- Creators: Alan Sugar Jose Luis Dominguez

= Roland (franchise) =

Roland is a video game franchise developed in 1984 by Alan Sugar, CEO of Amstrad, and Jose Luis Dominguez, a Spanish game designer. Named for Roland Perry, a computer engineer who worked for Amstrad, the idea was to have one recognizable character in a number of different computer games in a bid to have the Amstrad CPC compete with the ZX Spectrum and the Commodore 64.

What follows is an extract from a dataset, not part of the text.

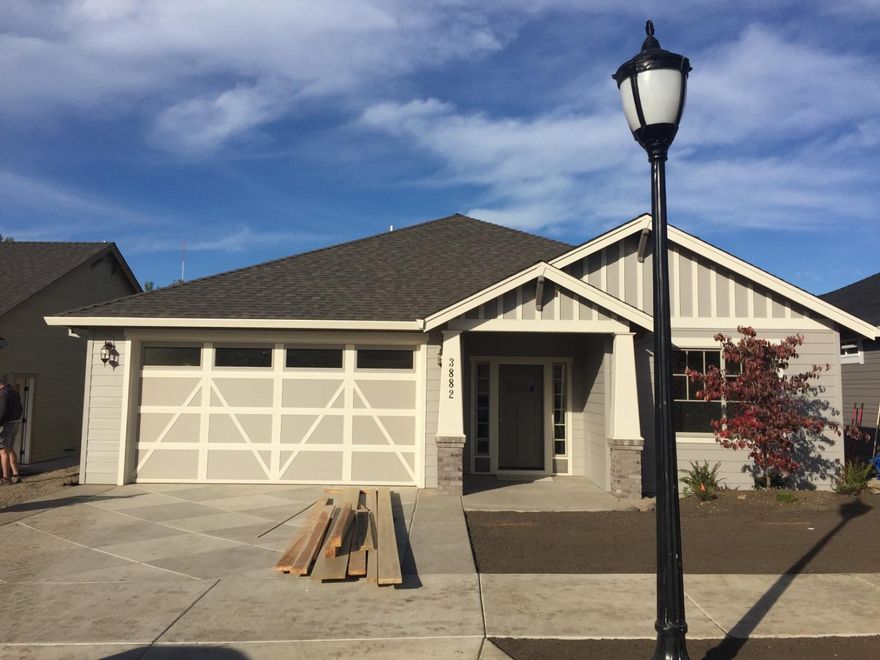 Built in 2016 in a beautiful country setting in the East Medford area with views of surrounding mountains nearby. An exceptional quality builder that we've grown to love in the valley throughout the years is what you get when you purchase a home built by Pacific Trend Building Company. A stunning craftsman style home with approximately 1,727 sq. ft., 3 bedrooms, 2 full baths, hardwood floors in entry, kitchen and nook area round out this home. An open kitchen with beautiful granite counters and island. Custom cabinets throughout are birch and alder with the highest quality in the industry. Carpet throughout bedrooms and living room along with a beautiful brick fireplace. Bathrooms include granite counters and tile flooring. Professional landscaping in front and back round out this home. Estimated completion date September 2016.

== Games in the Roland-series ==
- 1984: Roland Ahoy! (by Computersmith)
- 1984: Roland on the Ropes (by Indescomp) - a port of the Spanish game Fred for the ZX Spectrum. Roland had to collect bullets, treasures and maps while climbing ropes to get out of a tomb/pyramid. Some villains can be destroyed (skeletons, bats, mummies) while some can only be forced to change direction (ghosts) and some have to be jumped over (dripping poison, rats, scorpions). When the game ends, the end music is the Funeral March. The game was released for the Spectrum and the Commodore as well, and was later remade for the PC.
- 1984: Roland in the Caves (by Indescomp) - a port of the Spanish game Bugaboo (The Flea) for the ZX Spectrum.

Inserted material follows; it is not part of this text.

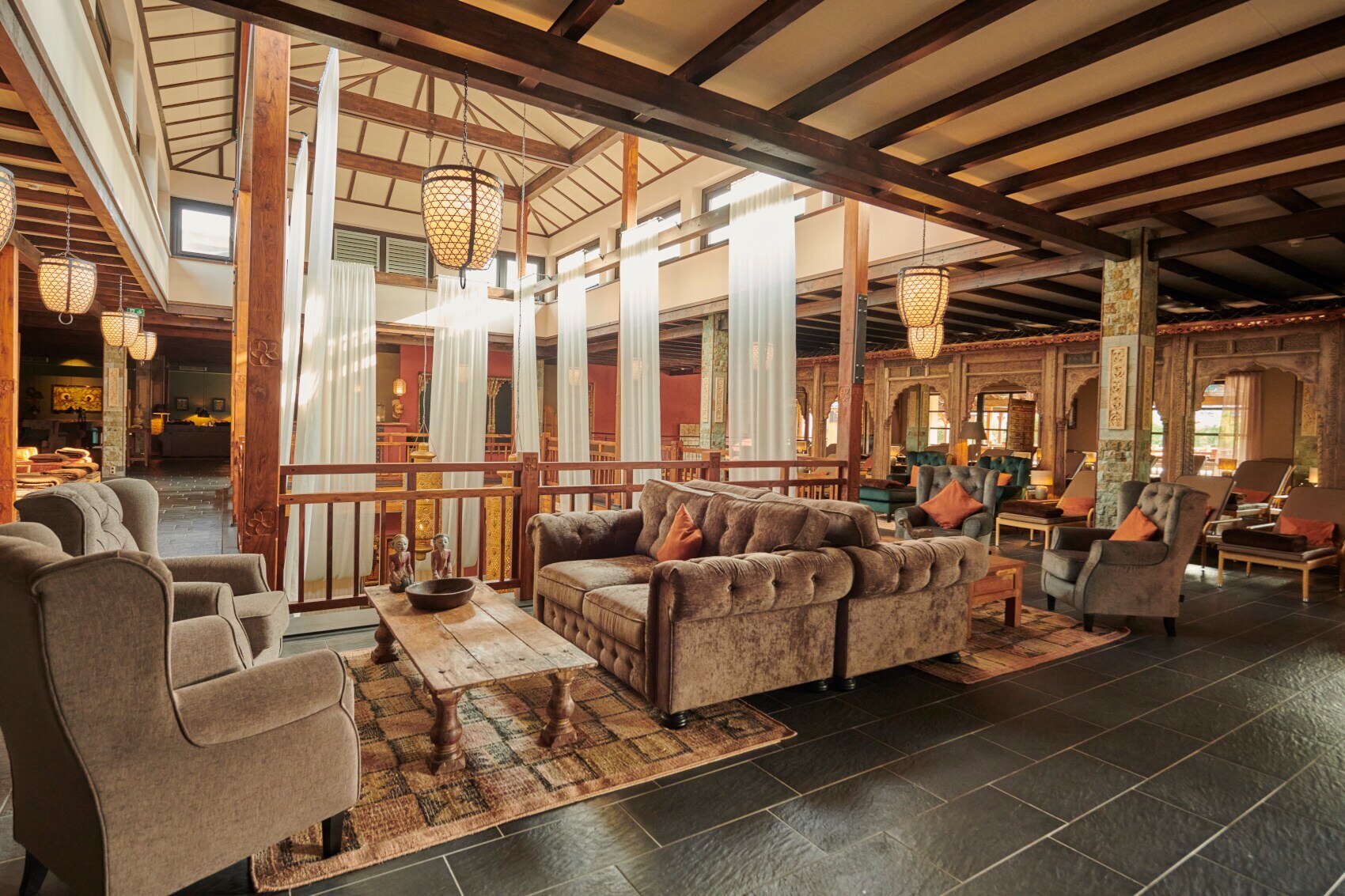 Der Innenbereich im vabali spa mit grauen Sitzgelegenheiten, weiß-transparenten Vorhängen, bunten Teppichen und einem Holzgeländer.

- 1984: Roland Goes Digging (by Gem Software for Amsoft) - a Space Panic clone. Roland navigates around a series of platforms and dispatches aliens by digging holes to trap them in.
- 1984: Roland Goes Square Bashing (by Durell) - a logic puzzle game.

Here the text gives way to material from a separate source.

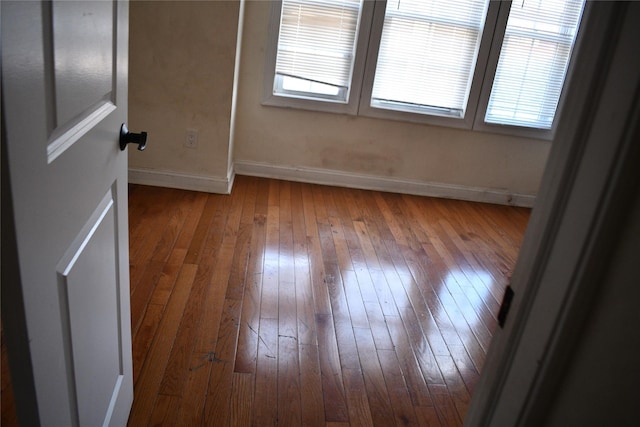 139-15 89th Ave, Briarwood, NY 11435 - unfurnished bedroom with wood-type flooring and baseboards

- 1984: Roland on the Run (by Epicsoft) - a Frogger clone.
- 1985: Roland in Time (by Gem Software) - a more colourful clone of Manic Miner/Jet Set Willy with some overt homages to Doctor Who.
- 1985: Roland in Space (by Gem Software) - a sequel to Roland In Time and a more colourful clone of the Miner Willy games with homages to Doctor Who.

There was also a type-in game and instructional series, Roland Takes a Running Jump, published in Amstrad's official magazine, Amstrad Computer User, from November 1985 to March 1986.